━━━━━ RECORDS FOR THE EXERCISE ━━━━━
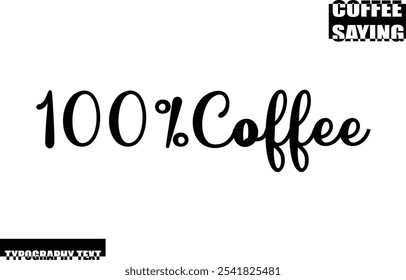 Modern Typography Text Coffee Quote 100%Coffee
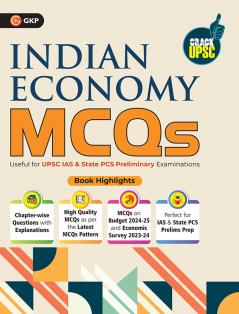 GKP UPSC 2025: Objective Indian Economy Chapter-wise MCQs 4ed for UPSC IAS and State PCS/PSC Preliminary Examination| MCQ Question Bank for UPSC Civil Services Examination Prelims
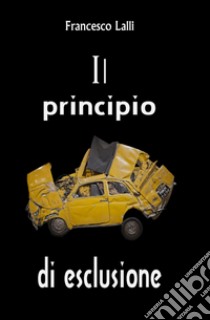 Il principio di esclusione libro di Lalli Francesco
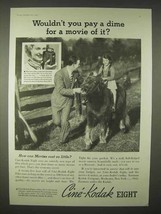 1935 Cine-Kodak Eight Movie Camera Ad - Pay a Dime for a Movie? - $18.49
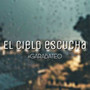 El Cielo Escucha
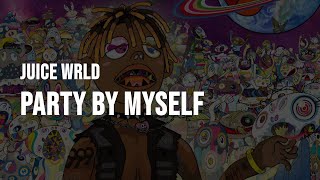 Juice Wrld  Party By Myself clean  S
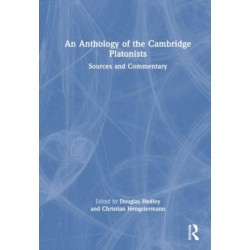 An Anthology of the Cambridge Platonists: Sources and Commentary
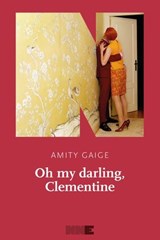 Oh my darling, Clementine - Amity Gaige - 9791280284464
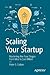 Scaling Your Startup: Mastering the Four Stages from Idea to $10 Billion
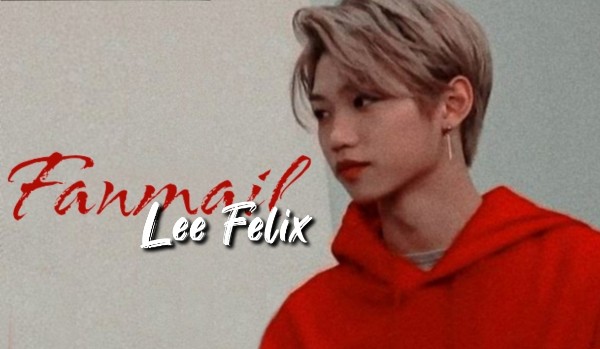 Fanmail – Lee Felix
━━━━━
▸ **WORK REQUIRED**:
Return the lines from the one containing "Scaling Your Startup: Mastering" through the last line of the records, both included, exactly as written and with no pictures.

▸ **RESULT BELOW**:
 Scaling Your Startup: Mastering the Four Stages from Idea to $10 Billion
 Fanmail – Lee Felix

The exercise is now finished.